Gallery Three Artist in Residence
Residency: 22 February 2009 – 21 February 2010
Exhibition Launch: Friday 6 November, from 7pm with performances by The Ken Ardley Playboys, The Apathy Band, Leigh Clarke, Boycott Coca-Cola Experience, The Fucks and Resonance Radio Orchestra.
For more information about the exhibition, click here.
Listen to Bob & Roberta read Let’s do something or ‘we must do something’.
As recession bites, Bob & Roberta Smith are making the most of the spacious Beaconsfield premises, turning the former Ragged School into a prolific site of production over one whole year.
Beaconsfield is currently inviting the public to view Bob and Roberta Smith’s work in progress ‘This Artist is Deeply Dangerous’. The work takes inspiration from Tennis Correspondent of the Guardian, Steve Bierley’s remarkable article on the artist Louise Bourgeois.
This 11 meter long work is the most complex painting Bob and Roberta Smith has done to date. People can see Bob and Roberta Smith working on the painting in Gallery One until August, when it will travel to the Edinburgh Festival. The painting will then return to Beaconsfield to be shown in Bob’s Factory Outlet exhibition in Autumn 2009.

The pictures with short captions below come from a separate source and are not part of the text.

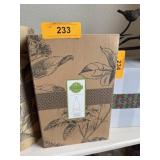 SCENTSY TEARDROP PEDESTAL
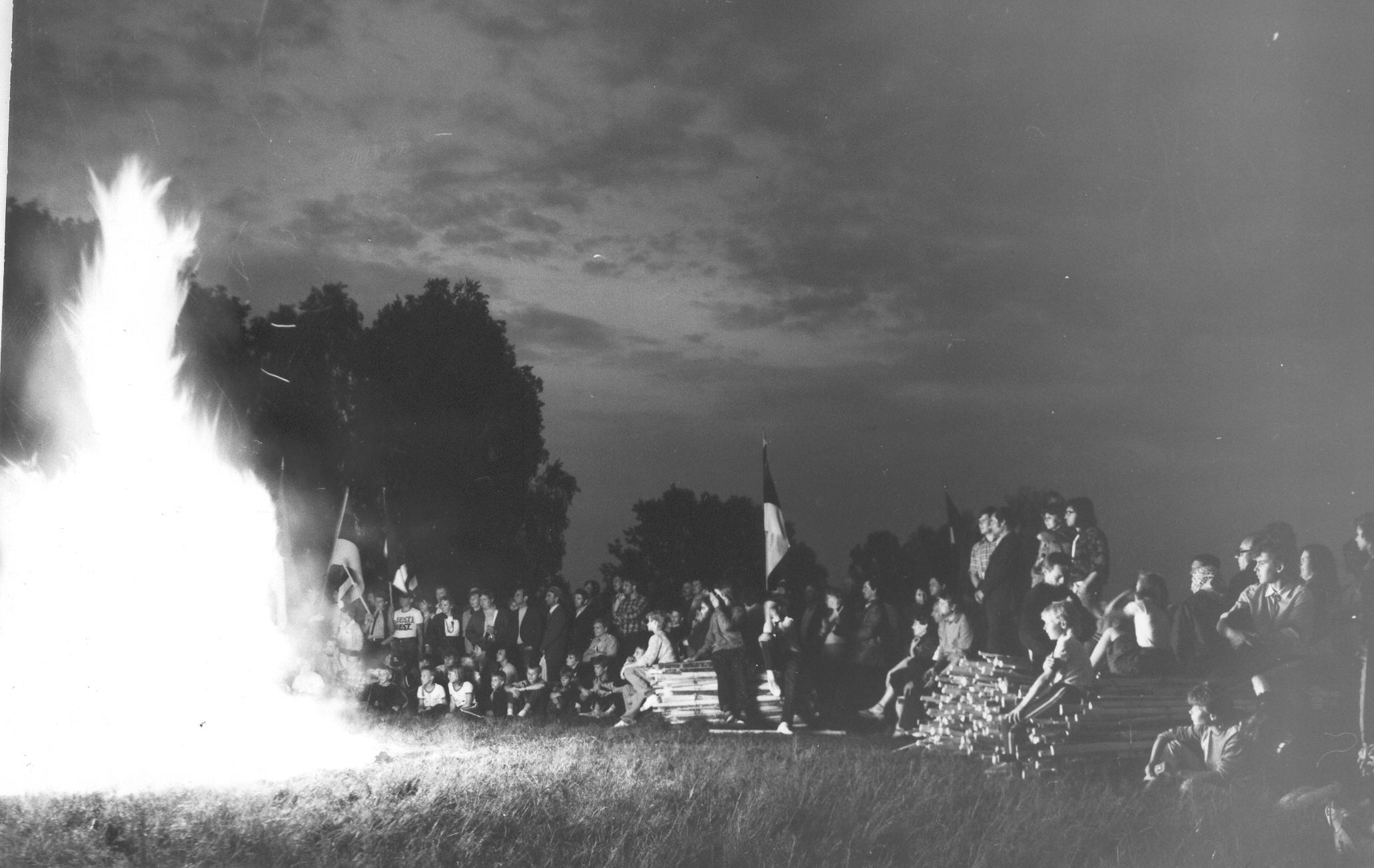 Foto 14.mail 1988.a. Roosisaarel lõkke valgusel, Võru Noortekolonni nr.1 jaanipidu.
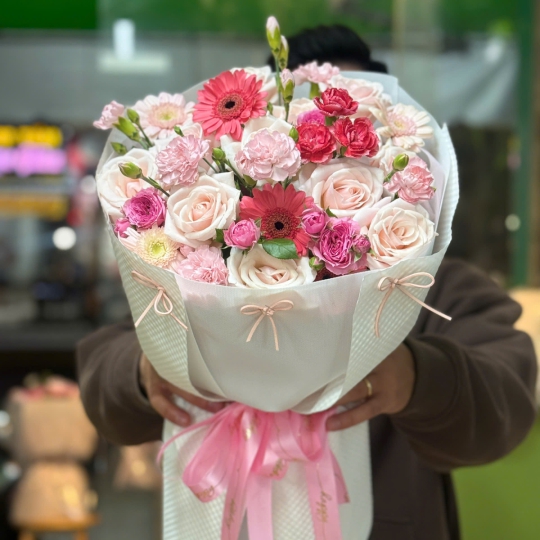 Blushing Elegance – Thanh Sắc Hồng Dịu 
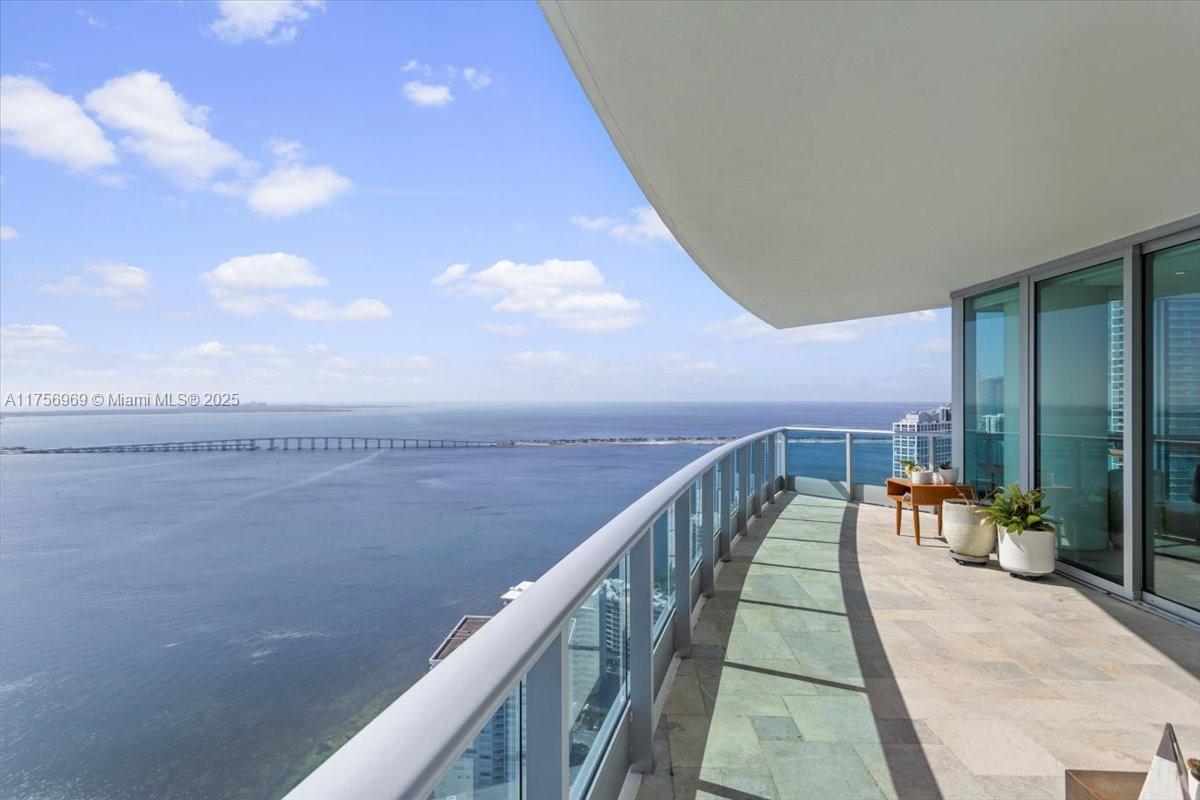 1331 Brickell Bay Dr 4211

“The work could be called ‘One Song to the Tune of another’ – let me explain – in the manner of the popular Radio 4 programme ‘I’m sorry I haven’t a clue’, last summer, the Guardian sent its Art’s writers to review sports events and its sports writers to review Art events. Among the results was this amazingly frank analysis of the differences between art and sport by tennis correspondent Steve Bierley. Oddly one visitor to Beaconsfield last week was Jeremy Hardy who once sang Teenage Kicks to the tune of Jerusalem during an edition of ‘I’m sorry I haven’t a clue’.”
Bob and Roberta Smith believe the activity of art is the important thing. Art is not simply about objects or Artists. “There should be no Artists just people making Art.”
Click here to download Bob and Roberta Smith’s essay Let’s do something or ‘we must do something’
This is the first in the Beaconsfield series Phase, which turns the spotlight on mid-career artists with whom the organisation has had a significant past relationship.